All allowed addressing characters and their use are described in
https://tools.ietf.org/html/rfc2822
But in any case
Stijn.vandamme@domain.com
stijnvandamme@domain.com
stijn
vandamme@domain.com < Not allowed
"stijn vandamme"@domain.com > ALLOWED
Stijn..vandamme@domain.com < Not allowed
"Stijn..vandamme"@domain.com > ALLOWED
But, only a stupid Admin will allow spaces and other weird sjit on his server because it can only cause problems and confusion down the line
Even the forum get's all annoyed and tries to add "email" tags and then fails on the spaces
Note, none of it is caps sensitive
so
STIJNVANDAMME@domain.com
is exactly the same as
stijnvandamme@domain.com
or
StIjNvAnDaMmE@domain.com
Quote:
Originally Posted by stomachmonkey
|
Then Gmail was not complying to the RFC.. But i fail to see how there is a security problem with that.

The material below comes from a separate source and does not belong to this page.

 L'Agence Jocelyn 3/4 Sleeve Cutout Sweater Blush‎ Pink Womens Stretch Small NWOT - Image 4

IF Gmail consistently ignores the dot and does not allow it in the creation of the account
Then no accounts will have a dot.
So if at that point somebody sends an email, and adds a dot... And Gmail parses the dot out, to end up with the non dot version.
Why would there be a problem?
Any email to
stijn.vandamme@gmail.com would end up in the
stijnvandamme@gmail.com mailbox
and when the user replies, it will be from
stijnvandamme@gmail.com since gmail doesn't do dots.

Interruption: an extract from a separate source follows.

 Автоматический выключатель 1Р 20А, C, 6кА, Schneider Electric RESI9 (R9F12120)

How would a hacker in that way get access to the account? the password is still there.
You can't login to the mailbox without it.
The only way I can see an issue, if at some point they did allow a . in the adress but not in their routing.
Which would be a bit of a split brain problem and then you supposedly could get the mails to change routing, if the target has a dot, and you slip in with the same adress without a dot.
But that sounds a bit rich to me.. It would be epic retard level at Gmail if they did that.